Doc and the Toad
Note: this essay originally appeared in Five Points, Volume 23, Number 1.

I’ve been thinking about the toad that I met on our deck several months ago because I have seen him there two or three times since our first meeting. As an adult, I don’t spend a lot of time with toads, though as a boy I was around them often. I remember them as being cranky and unpredictable. But this one seemed different. He seemed to be enjoying the deck, and when I bent down to take a closer look, I got the impression that he smiled and that he was happy to share this space with me. It was a warm day, but not too warm, and the warm wood felt good under my bare feet. To my mind, he felt the same way. The moment was in balance. Not too warm, not too cool, man and amphibian happily looking at one another, confident that the one would not harm the other. Of course, his tribe has been around for at least 200 million years, I read later, while mine just moved into the neighborhood 300,000 years ago. He had that look about him too. He could tell I was new to the planet, and what I got from those eyes — yellowy gold and deep — was tolerance. It was a new sensation for me, being tolerated by a toad on my deck.

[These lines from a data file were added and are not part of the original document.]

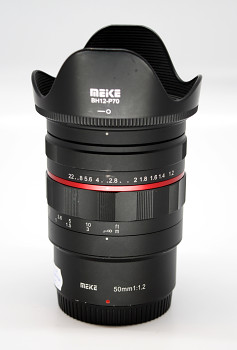 Objektiv Meike 50mm 1:1,2F Bajonet Nikon Z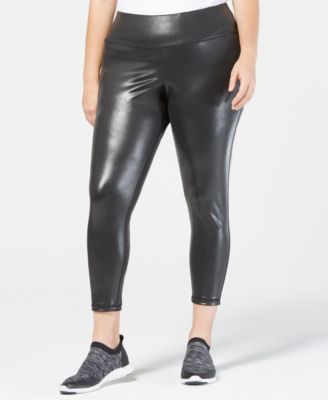 macys plus size leggings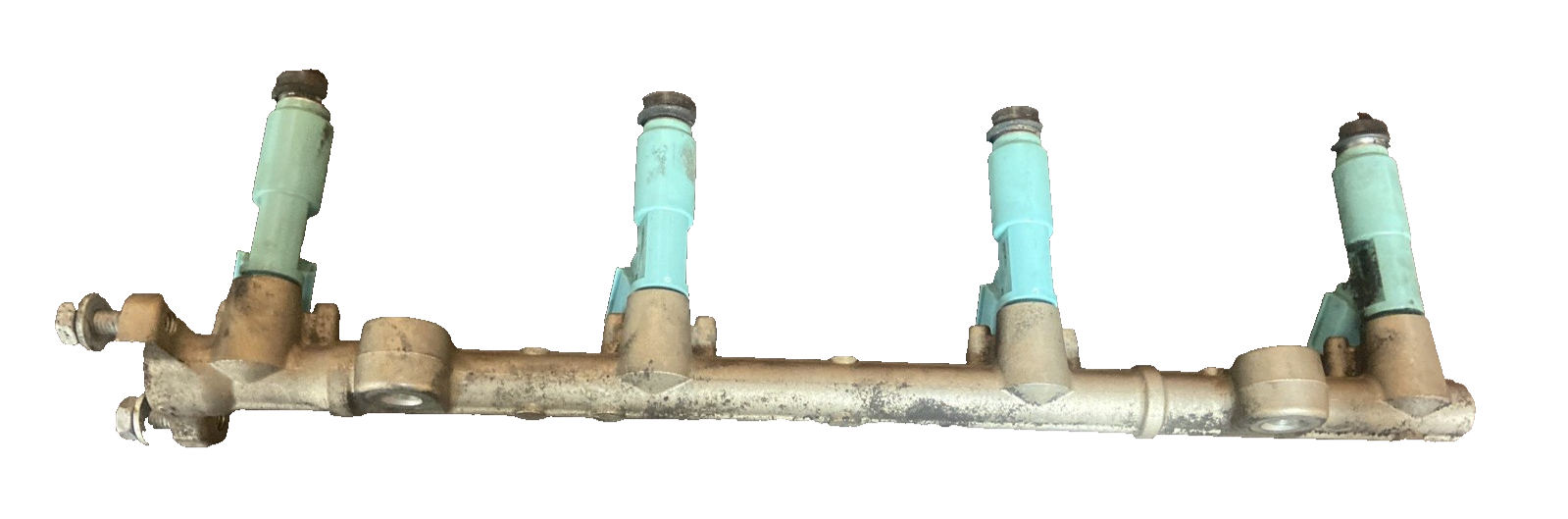 2005 Toyota Highlander Fuel Rail With Fuel Injectors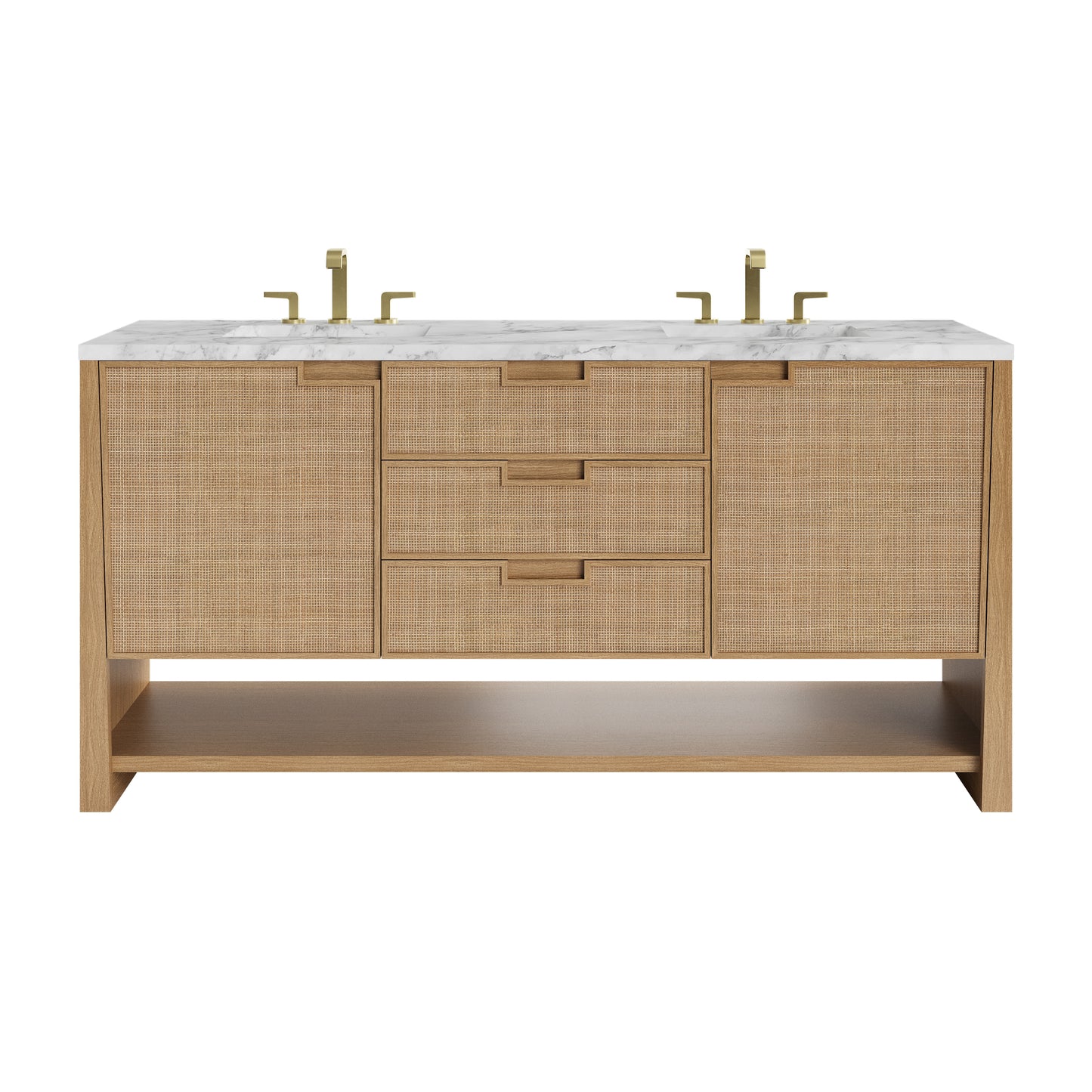 Solene 72" Double Vanity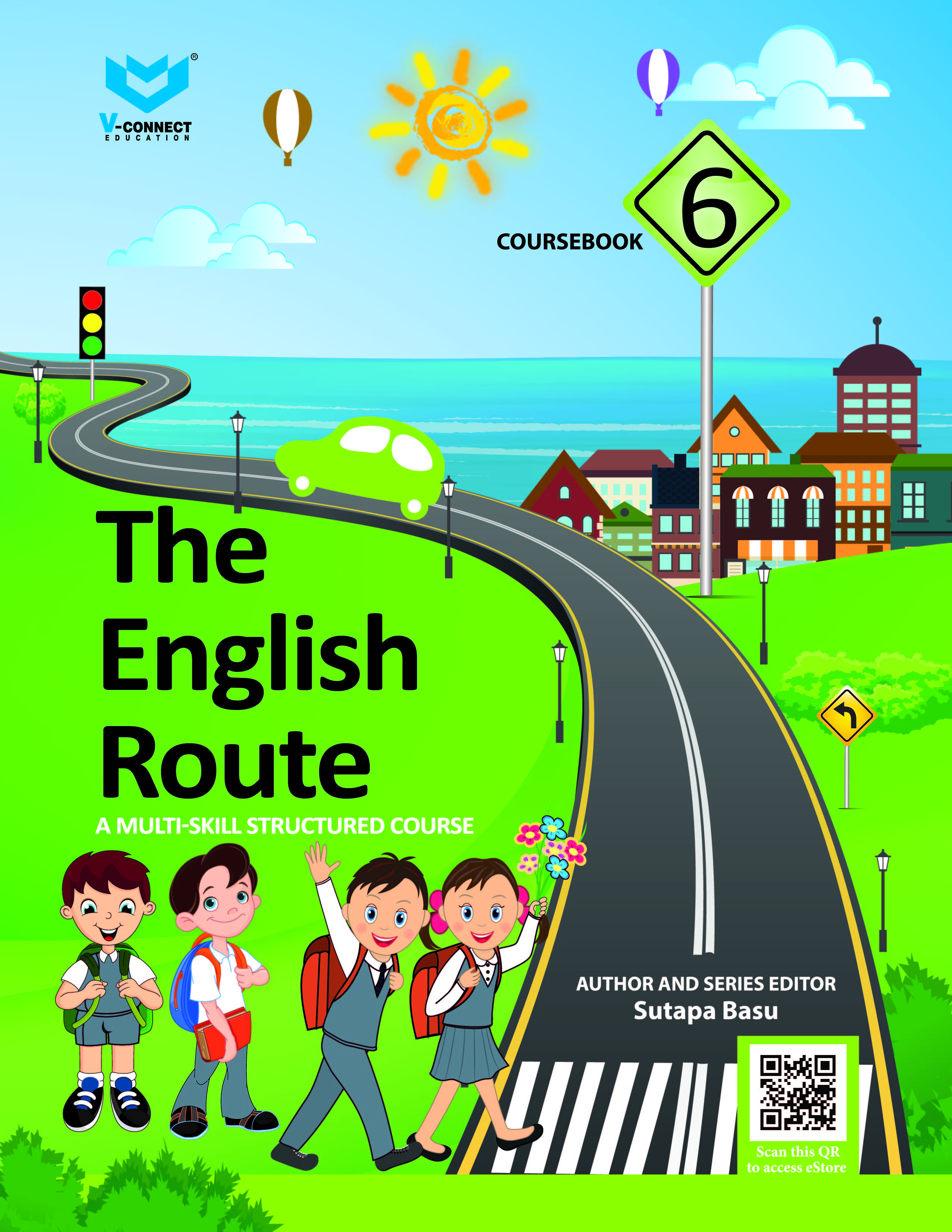 The English Route-6: <Span Class="Subtitlevalue">A multi-skill structure course, 1/e </Span>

The situation escalated, as the folks on cable news say, when Doc, our eleven-month-old Bichon Frisé, arrived on the scene. He was initially curious to know what I was doing on the deck on all fours, and for the first thirty seconds or so, he pursued that question with his typically clownish zeal. I was, after all, crawling on the deck, and he was right to feel that the times were out of joint. Something was clearly going on, and his first suspicion, as always, was that a treat might be involved. It was when that investigation came to a dead end and his attention began to wander to the back yard where the squirrels hold court that he saw the toad.

To call this moment a revelation for Doc would be to undersell it. He froze, just as he did when he saw the ocean for the first time. Too much incoming data for his processor to handle. He quickly glanced at me, buying some time, to make certain that we were of one mind about this new and inexplicable emergency. Because the toad was nearly the same color of the old spotted planks on the deck, and because the toad had adjusted his position slightly in the face of this new visitor, that part of the deck did seem to move just a bit. The whole scenario was unsettling, a kind of natural supernaturalism, as one old literary critic I used to read would put it.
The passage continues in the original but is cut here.